EXERCISE DIRECTIONS :: Keep to one stretch of the data below, the lines from the one with "Hawaii Hawaiian Shirt" up to and including the one with "Saint Laurent Paris", and return that stretch exactly.

DATA SUPPLIED section start

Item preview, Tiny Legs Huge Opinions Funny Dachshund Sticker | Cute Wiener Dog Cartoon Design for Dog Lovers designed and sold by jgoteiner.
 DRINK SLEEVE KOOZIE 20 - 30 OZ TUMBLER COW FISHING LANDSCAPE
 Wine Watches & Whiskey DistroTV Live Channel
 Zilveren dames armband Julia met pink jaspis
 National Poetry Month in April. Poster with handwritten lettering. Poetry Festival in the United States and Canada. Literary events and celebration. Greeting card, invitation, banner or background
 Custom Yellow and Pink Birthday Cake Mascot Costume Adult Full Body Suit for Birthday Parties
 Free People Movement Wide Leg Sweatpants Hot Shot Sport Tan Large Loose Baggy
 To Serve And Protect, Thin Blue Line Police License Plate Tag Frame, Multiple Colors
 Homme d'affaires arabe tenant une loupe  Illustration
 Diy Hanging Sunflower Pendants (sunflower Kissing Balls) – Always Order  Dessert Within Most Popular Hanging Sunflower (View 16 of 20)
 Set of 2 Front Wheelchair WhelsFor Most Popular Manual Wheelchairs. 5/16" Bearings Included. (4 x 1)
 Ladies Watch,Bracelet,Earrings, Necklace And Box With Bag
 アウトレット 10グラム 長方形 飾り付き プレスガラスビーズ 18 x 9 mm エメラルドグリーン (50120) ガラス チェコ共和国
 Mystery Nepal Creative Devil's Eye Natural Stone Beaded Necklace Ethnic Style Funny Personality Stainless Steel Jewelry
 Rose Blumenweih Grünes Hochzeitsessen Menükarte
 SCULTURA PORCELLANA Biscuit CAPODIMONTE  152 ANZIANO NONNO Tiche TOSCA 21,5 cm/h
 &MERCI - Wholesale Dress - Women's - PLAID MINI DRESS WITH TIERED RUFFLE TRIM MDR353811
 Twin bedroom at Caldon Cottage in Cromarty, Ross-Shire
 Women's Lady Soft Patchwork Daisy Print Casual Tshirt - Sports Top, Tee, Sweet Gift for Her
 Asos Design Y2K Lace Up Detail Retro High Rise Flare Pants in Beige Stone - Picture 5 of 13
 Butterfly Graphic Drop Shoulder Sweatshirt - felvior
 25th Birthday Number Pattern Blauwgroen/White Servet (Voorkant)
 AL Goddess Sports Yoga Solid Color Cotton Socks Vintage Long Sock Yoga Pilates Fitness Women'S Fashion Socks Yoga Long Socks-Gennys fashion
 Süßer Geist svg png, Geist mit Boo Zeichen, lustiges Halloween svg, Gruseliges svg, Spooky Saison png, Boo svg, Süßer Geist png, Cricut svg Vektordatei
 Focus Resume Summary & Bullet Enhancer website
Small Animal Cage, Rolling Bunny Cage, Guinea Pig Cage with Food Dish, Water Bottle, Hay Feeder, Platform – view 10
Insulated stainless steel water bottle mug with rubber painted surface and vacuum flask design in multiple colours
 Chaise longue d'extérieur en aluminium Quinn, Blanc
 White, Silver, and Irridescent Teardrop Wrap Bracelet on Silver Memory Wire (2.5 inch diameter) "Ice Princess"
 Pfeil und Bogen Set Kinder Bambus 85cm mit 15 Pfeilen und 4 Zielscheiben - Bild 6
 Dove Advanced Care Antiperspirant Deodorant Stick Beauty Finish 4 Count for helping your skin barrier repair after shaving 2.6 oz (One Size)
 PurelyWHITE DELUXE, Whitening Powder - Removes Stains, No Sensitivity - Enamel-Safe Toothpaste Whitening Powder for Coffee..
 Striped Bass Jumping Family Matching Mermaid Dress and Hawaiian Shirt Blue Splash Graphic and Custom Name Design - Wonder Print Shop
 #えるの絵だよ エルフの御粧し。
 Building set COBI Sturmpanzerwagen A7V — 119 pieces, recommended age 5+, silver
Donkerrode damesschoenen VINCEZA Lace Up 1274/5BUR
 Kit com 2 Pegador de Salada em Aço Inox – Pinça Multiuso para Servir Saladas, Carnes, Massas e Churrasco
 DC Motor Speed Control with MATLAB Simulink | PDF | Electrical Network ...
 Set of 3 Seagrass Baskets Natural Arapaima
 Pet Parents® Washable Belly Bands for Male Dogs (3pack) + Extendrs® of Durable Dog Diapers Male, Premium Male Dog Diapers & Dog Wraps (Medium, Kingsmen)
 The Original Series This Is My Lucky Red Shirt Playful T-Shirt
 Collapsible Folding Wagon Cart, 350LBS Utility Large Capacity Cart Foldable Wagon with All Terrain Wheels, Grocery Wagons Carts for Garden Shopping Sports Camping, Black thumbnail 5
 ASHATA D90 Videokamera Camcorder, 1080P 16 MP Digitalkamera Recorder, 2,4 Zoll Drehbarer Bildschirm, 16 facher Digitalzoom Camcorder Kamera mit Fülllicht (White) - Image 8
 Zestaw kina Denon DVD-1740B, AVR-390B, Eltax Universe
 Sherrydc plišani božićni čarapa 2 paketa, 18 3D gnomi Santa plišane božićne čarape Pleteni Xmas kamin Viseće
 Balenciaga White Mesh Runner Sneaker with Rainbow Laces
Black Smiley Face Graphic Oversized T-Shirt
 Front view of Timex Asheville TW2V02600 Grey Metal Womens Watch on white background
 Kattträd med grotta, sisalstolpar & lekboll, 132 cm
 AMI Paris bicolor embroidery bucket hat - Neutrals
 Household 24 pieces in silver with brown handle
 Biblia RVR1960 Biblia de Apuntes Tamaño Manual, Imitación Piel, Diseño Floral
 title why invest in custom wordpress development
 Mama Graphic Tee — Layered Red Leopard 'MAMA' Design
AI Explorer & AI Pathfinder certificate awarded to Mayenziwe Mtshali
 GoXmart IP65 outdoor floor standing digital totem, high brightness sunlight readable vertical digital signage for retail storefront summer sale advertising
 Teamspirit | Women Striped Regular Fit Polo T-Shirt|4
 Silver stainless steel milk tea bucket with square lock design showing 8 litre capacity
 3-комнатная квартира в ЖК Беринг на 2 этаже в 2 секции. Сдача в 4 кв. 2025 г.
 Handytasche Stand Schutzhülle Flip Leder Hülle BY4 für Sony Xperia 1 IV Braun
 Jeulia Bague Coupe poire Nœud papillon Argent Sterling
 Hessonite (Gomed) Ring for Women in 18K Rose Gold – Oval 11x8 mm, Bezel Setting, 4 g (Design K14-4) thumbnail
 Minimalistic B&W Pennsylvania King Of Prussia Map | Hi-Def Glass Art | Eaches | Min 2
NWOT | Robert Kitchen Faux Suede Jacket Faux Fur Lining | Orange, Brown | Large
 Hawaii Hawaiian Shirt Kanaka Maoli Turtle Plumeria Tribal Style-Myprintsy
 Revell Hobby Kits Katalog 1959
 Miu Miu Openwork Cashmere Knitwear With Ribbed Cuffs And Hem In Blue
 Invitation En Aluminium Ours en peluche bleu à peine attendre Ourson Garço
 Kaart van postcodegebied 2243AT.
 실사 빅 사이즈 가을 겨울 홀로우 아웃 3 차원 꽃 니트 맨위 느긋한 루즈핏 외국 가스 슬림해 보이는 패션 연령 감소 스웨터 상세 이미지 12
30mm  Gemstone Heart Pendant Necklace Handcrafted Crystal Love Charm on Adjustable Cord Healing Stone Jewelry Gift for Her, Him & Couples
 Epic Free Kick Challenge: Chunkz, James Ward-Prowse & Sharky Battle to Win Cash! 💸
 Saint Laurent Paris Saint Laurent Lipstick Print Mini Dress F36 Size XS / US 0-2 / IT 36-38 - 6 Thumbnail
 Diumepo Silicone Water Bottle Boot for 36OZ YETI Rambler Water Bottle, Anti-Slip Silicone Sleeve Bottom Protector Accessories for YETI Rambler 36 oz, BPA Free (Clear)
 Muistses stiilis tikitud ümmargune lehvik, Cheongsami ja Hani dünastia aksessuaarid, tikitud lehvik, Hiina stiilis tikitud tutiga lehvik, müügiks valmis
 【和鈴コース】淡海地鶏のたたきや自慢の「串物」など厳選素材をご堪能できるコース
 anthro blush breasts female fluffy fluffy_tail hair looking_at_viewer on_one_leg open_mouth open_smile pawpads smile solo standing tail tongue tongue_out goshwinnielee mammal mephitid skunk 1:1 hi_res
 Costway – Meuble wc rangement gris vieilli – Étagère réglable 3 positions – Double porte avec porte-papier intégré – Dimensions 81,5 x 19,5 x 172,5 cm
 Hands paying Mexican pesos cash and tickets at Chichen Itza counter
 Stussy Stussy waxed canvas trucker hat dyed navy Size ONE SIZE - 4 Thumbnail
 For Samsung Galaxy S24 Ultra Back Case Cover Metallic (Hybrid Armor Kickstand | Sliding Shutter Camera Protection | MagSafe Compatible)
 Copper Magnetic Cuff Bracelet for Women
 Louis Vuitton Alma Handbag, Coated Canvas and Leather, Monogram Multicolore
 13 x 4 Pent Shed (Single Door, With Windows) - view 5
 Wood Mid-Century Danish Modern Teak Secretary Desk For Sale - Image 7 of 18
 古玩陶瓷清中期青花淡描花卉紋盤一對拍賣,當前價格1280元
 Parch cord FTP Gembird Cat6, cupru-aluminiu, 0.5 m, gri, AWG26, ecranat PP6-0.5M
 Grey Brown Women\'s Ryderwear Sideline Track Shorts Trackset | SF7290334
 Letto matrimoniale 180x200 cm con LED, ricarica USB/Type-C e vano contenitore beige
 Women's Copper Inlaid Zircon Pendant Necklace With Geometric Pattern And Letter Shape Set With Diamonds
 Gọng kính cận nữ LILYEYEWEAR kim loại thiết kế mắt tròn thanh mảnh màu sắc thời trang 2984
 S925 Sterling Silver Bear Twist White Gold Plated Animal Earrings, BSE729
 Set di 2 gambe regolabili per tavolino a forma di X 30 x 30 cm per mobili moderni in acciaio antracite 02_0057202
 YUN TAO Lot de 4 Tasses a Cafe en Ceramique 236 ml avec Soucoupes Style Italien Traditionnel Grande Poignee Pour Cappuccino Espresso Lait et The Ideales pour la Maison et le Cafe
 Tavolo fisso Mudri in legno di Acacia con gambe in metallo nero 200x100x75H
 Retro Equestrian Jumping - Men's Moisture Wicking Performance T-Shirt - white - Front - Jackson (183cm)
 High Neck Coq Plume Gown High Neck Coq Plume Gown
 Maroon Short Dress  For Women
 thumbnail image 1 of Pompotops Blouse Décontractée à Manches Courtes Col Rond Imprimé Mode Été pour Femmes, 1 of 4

DATA SUPPLIED section end

ANSWER BELOW ::
 Hawaii Hawaiian Shirt Kanaka Maoli Turtle Plumeria Tribal Style-Myprintsy
 Revell Hobby Kits Katalog 1959
 Miu Miu Openwork Cashmere Knitwear With Ribbed Cuffs And Hem In Blue
 Invitation En Aluminium Ours en peluche bleu à peine attendre Ourson Garço
 Kaart van postcodegebied 2243AT.
 실사 빅 사이즈 가을 겨울 홀로우 아웃 3 차원 꽃 니트 맨위 느긋한 루즈핏 외국 가스 슬림해 보이는 패션 연령 감소 스웨터 상세 이미지 12
30mm  Gemstone Heart Pendant Necklace Handcrafted Crystal Love Charm on Adjustable Cord Healing Stone Jewelry Gift for Her, Him & Couples
 Epic Free Kick Challenge: Chunkz, James Ward-Prowse & Sharky Battle to Win Cash! 💸
 Saint Laurent Paris Saint Laurent Lipstick Print Mini Dress F36 Size XS / US 0-2 / IT 36-38 - 6 Thumbnail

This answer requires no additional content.